I acknowledge that the jury heard evidence of comments made by you in the immediate aftermath of the collision about the effect of the sun, and you have since provided the social worker with an explanation about how that feature affected you at the time, while also referencing the involvement, in some way, of a van in front of you. I may say that that was not an explanation which the jury had before it in terms, and it sits rather uneasily with the evidence not only of the witness who was attending to his car engine near the scene but also of the police collision expert who placed the sun in a position to the south of, and therefore behind, you at the point of impact.

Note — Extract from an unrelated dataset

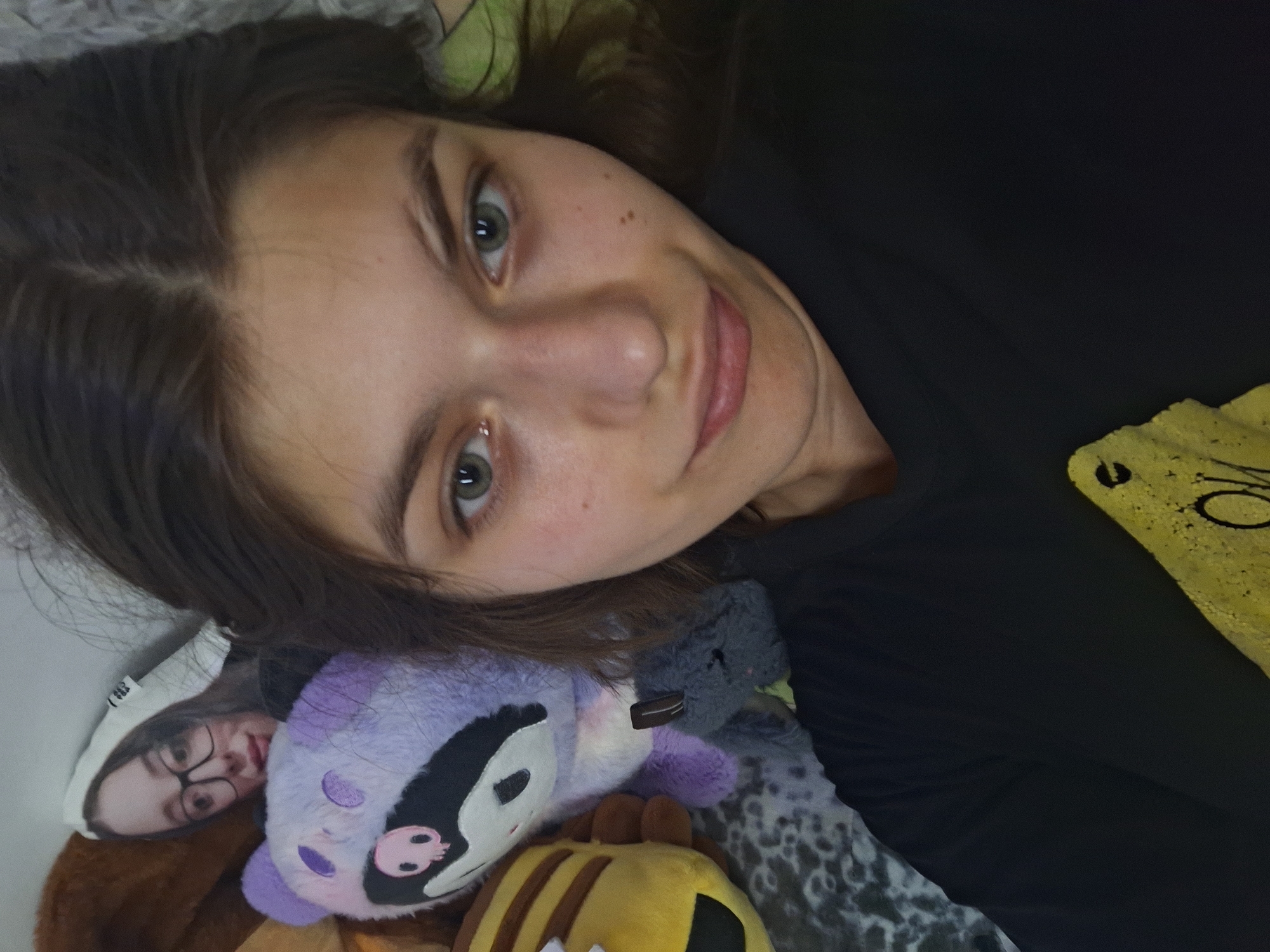 An image captured with a slight tilt shows a young woman lying down in an indoor setting in Panagyurishte, Bulgaria. She is the central subject, positioned in the foreground and looking directly at the camera with a gentle, pleasant smile. She has long, dark brown hair parted down the middle and striking light green eyes, with a subtle mole visible on her right cheek. She is wearing a dark, likely black, top.
Surrounding her are several plush toys and soft textiles, creating a cozy and relaxed atmosphere. To her lower left, a portion of a white beanie or headwear is visible, upon which a face wearing glasses is printed – likely a design on a pillow or another plush item. Beside this, a purple and white plush toy, possibly a raccoon or skunk, is prominent, featuring a black mask-like pattern and a pink skull emblem on its chest. A small gray plush animal is tucked in the background, and a yellow and brown striped plush toy is also visible. Beneath these items, a gray and white patterned fabric, possibly an animal print blanket, is seen.
On the right side of the image, a yellow item with abstract black markings or an incomplete design is present. The lighting suggests a well-lit indoor environment, and the overall mood is calm and friendly. No clearly legible text is visible within the image.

In short, the evidence points to you having been completely and inexcusably unaware of Mr Anderson’s presence on the road. From what you told the social worker it appears that, even after the collision, you were unaware of what it was you had struck as you continued northwards with the windscreen of your vehicle shattered.
Balanced against those circumstances I take account of the absence of any evidence of excessive speed or impairment in your capacity to drive. I also take into account that the evidence of witnesses immediately before the incident did not support the existence of a prolonged and deliberate course of bad or erratic driving in the build up to the collision.
Accordingly, in the range of possible outcomes, an assessment of the totality of the circumstances places this at the lower end of the spectrum of seriousness for an offence of causing death by dangerous driving.
In considering matters of mitigation I note that your record of previous convictions contains one offence for speeding. That offence aside you have no relevant previous convictions. In taking account of all that has been said on your behalf this morning, I have anxiously considered your personal circumstances, including your age (80) and the fact that your wife does not enjoy good health, and also your business interests over many years. The social worker assesses you as presenting a low risk of re-offending, and draws attention to the remorse you have expressed to her in relation to Mr Anderson’s death.
That said, I also take account of the remarks of the social worker about the difficulty you appear to have shown in accepting full responsibility for the collision, referencing instead the deceased’s lack of helmet or high visibility clothing. For the avoidance of doubt, I do not consider that these are features which mitigate your culpability on this occasion. It is also right that I should have regard to the terms of the impact statements to which I made reference earlier in these remarks.
Taking all these matters into account, and the principles of fairness and proportionality overall, I do not consider that the public interest would properly be served by taking the exceptional course of imposing a non-custodial sentence in this case. The sentence I therefore impose is one of thirty two months’ imprisonment. That sentence will necessarily date from today.
You will be disqualified from driving for a period of 76 months. That period of disqualification comprises a period of 5 years together with an additional period of 16 months to reflect the custodial sentence I have just imposed. You will require thereafter to take the extended test of competence to drive.